Commemorating the day the slaves were liberated. Twelve million people lost their lives over 350 years. 12% did not survive the voyage from Africa. They lost their families, their languages, their countries, their lives, their identities. All in the interest of commodities – mainly sugar for rich Europeans.
And then, in 1838, (arguably, earlier in Grenada, thanks to Fedon), came the beginning of the end of this atrocity .
How do we celebrate the release from this despicable bondage? What culture have we developed to show that we are a liberated people? How do we show respect and reverence for our forefathers who suffered such torture and deprivation? How do we show ourselves,worthy descendants of their appalling sacrifice?

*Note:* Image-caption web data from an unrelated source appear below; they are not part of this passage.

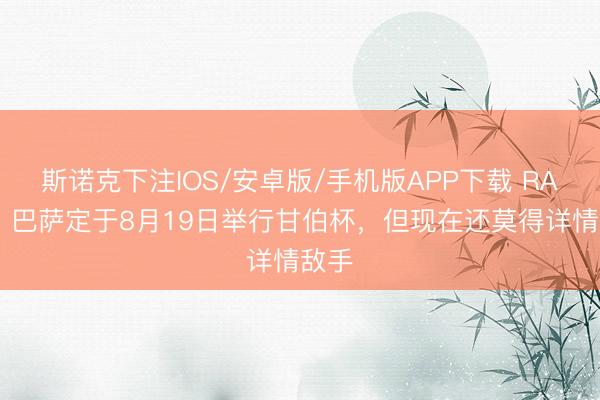 斯诺克下注IOS/安卓版/手机版APP下载 RAC1：巴萨定于8月19日举行甘伯杯，但现在还莫得详情敌手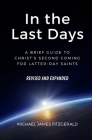 In the Last Days: A Brief Guide to Christ's Second Coming for Latter-day Saints - Revised and Expanded By Michael James Fitzgerald Cover Image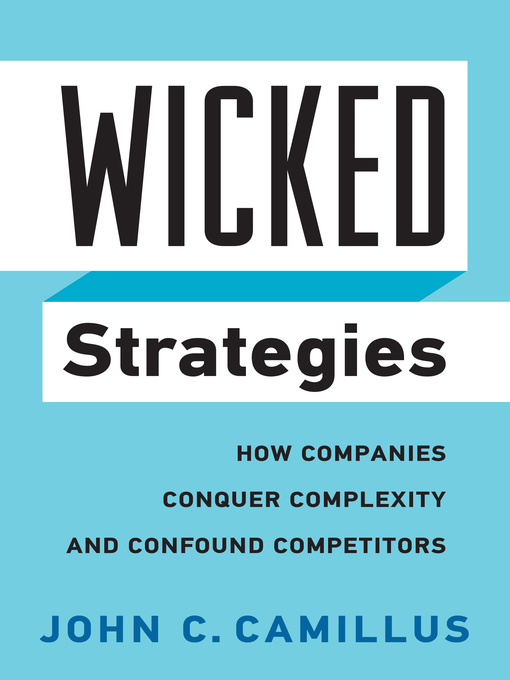 Title details for Wicked Strategies by John C. Camillus - Available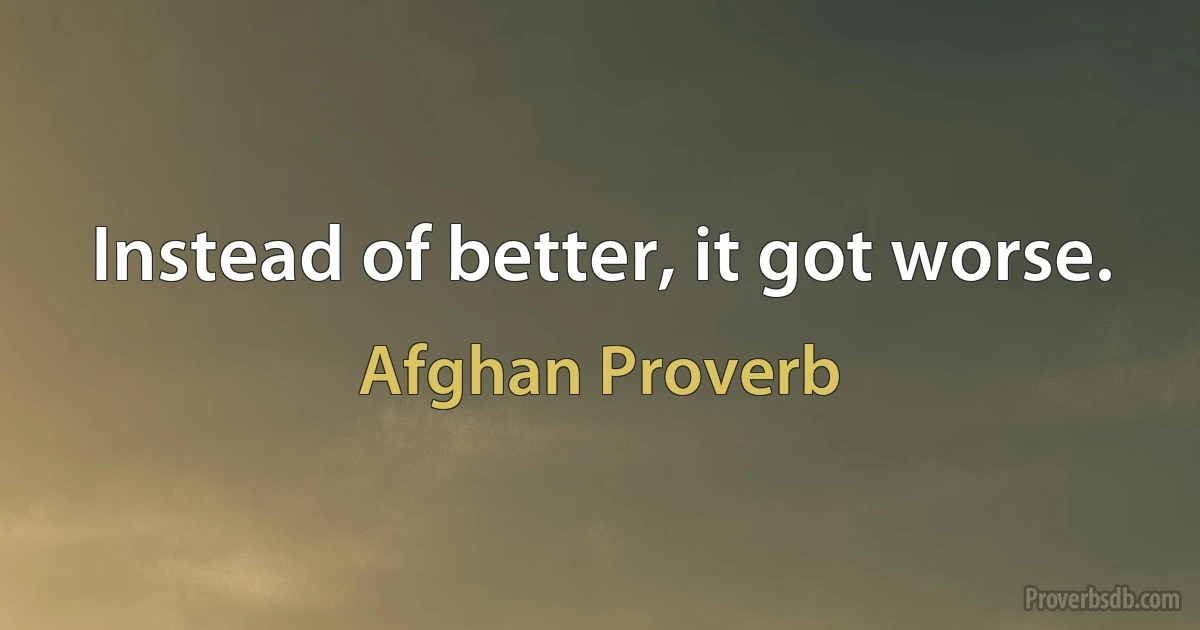 Instead of better, it got worse. (Afghan Proverb)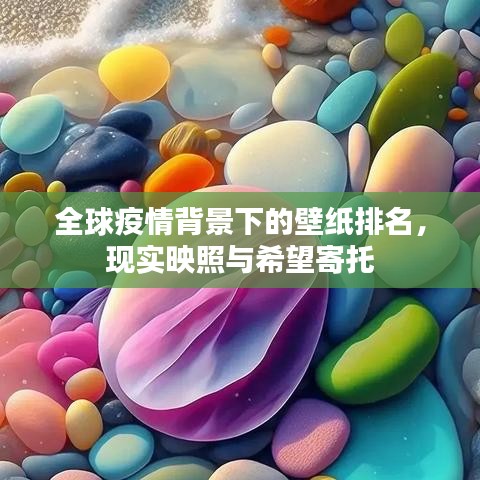 全球疫情背景下的壁纸排名，现实映照与希望寄托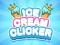 Ice Cream Clicker — безкоштовна онлайн гра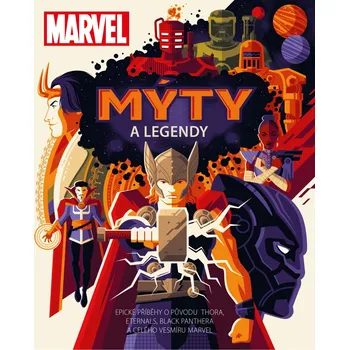 Marvel: Mýty a legendy - Jakub Goner a kol. (2021, pevná)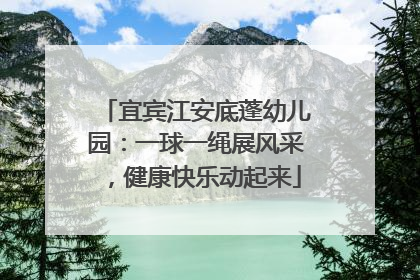宜宾江安底蓬幼儿园：一球一绳展风采，健康快乐动起来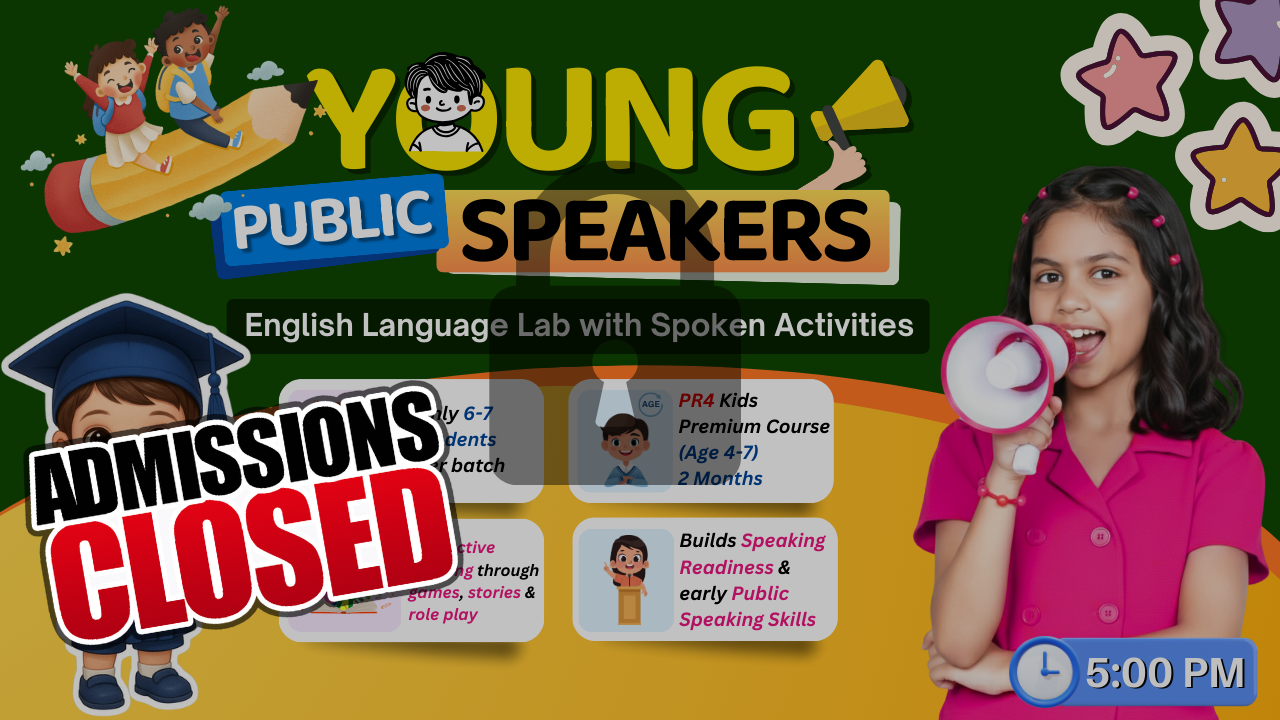  Young Public Speaker Premium Course (Ages 4–7)  5:00 PM🌟 PR 4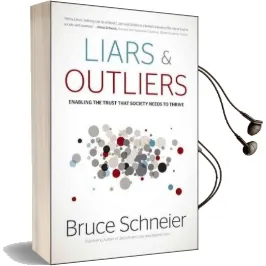 Liars and Outliers: Enabling the Trust That Society Needs to Thrive Audiobook download free by Bruce Schneier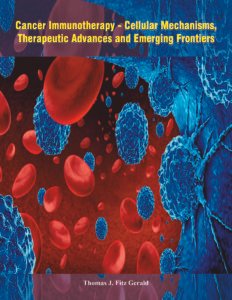 Cancer Immunotherapy – Cellular Mechanisms, Therapeutic Advances and Emerging Frontiers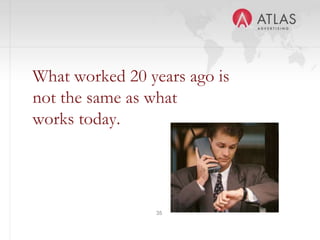 35
What worked 20 years ago is
not the same as what
works today.
 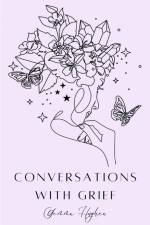 Conversations with Grief af Gemma Hughes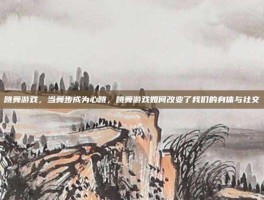 跳舞游戏，当舞步成为心跳，跳舞游戏如何改变了我们的身体与社交
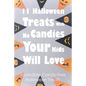 11 Halloween Treats With No Candies Your Kids Will Love: Incredible Candy-Free Halloween Treats: Halloween Themed Treats - Paperback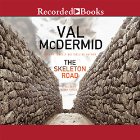 The Skeleton Road (






UNABRIDGED) by Val McDermid Narrated by Davina Porter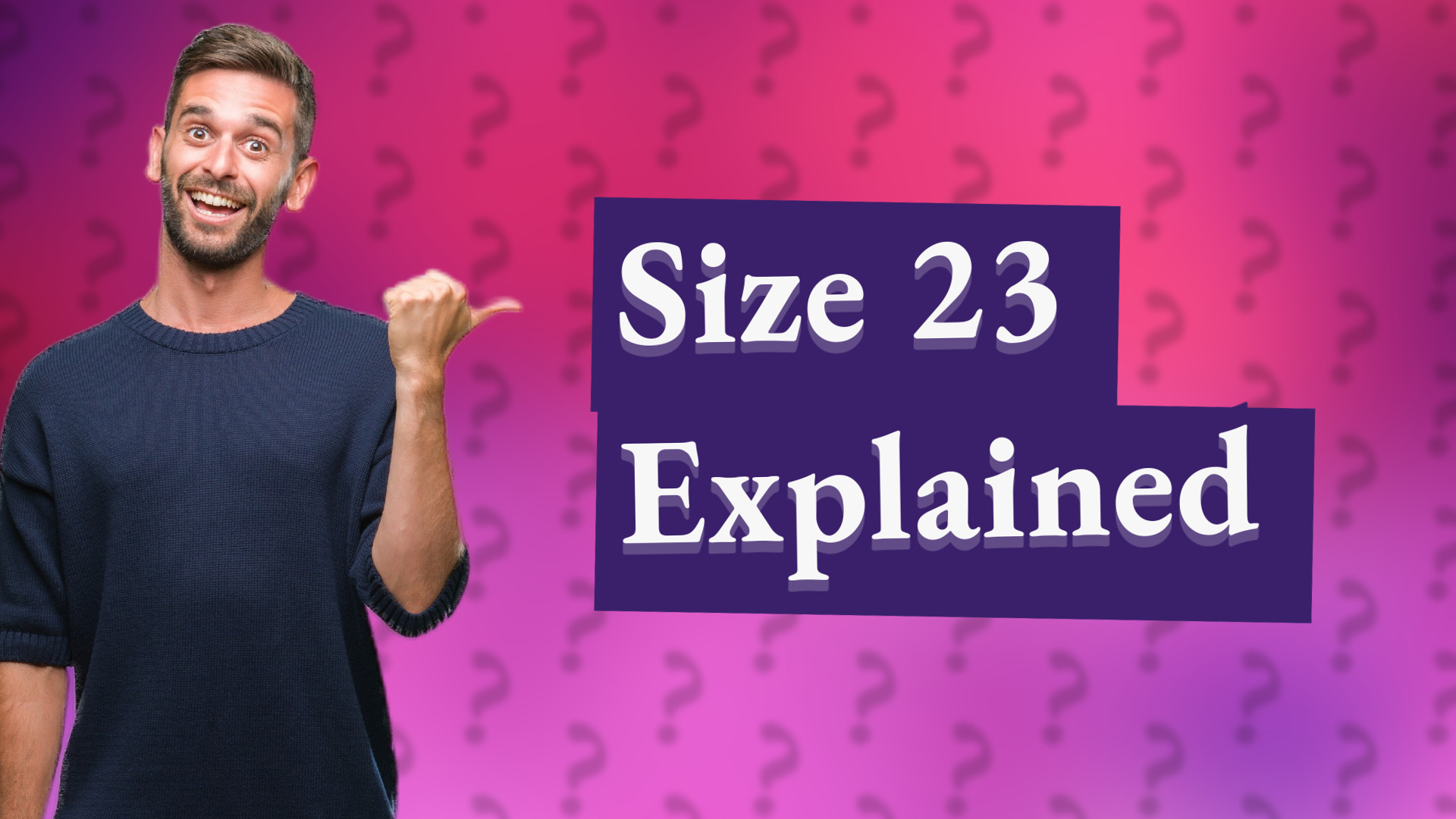 Size 23 Explained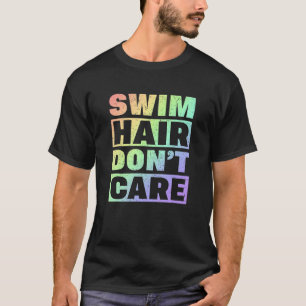 Swim Team Swim Hair Donu2019t Schwimmer T-Shirt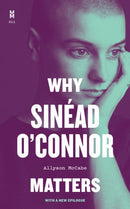 Why Sinead O'Connor Matters-9781477330739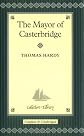 Mayor of Casterbridge (Collectors Library)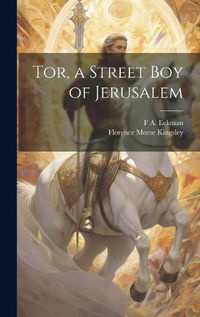 Cover image for Tor, a Street Boy of Jerusalem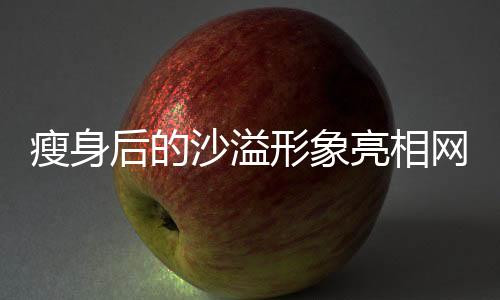 瘦身后的沙溢形象亮相網(wǎng)友眼前，帥氣盡顯，牙齒白皙閃耀新聞
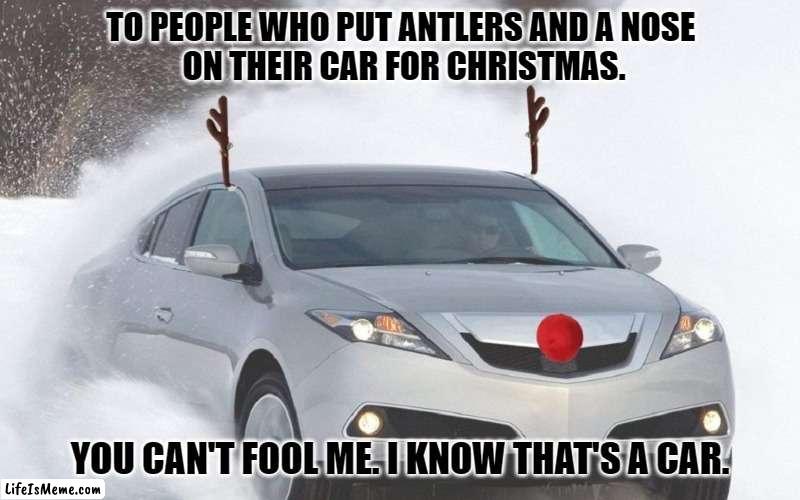Can't Fool Me | TO PEOPLE WHO PUT ANTLERS AND A NOSE 
ON THEIR CAR FOR CHRISTMAS. YOU CAN'T FOOL ME. I KNOW THAT'S A CAR. | image tagged in rudolf car | made w/ Lifeismeme meme maker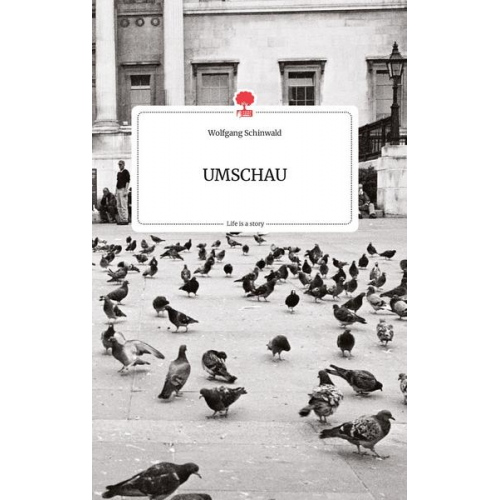 Wolfgang Schinwald - UMSCHAU. Life is a Story - story.one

We celebrate it the way we celebrate everything else: Easter, Labour Day, every holiday. We go to the beach, drink a lot, surrounded by loud music, and we leave behind as much evidence as possible of our presence. Leaving, ironically, the trappings of commodities bought from rich Europeans strewn around, and enslaving our fellow Grenadians with the menial task of cleaning up the mess. And polluting the sea, toxifying the fish we eat and causing grievous harm to our blue and green economies. Social media will ensure that the word gets around.
A lot of people realise that this is going much too far. A line has been crossed. It is a disgrace.
Haven’t we come a long way in 200 years?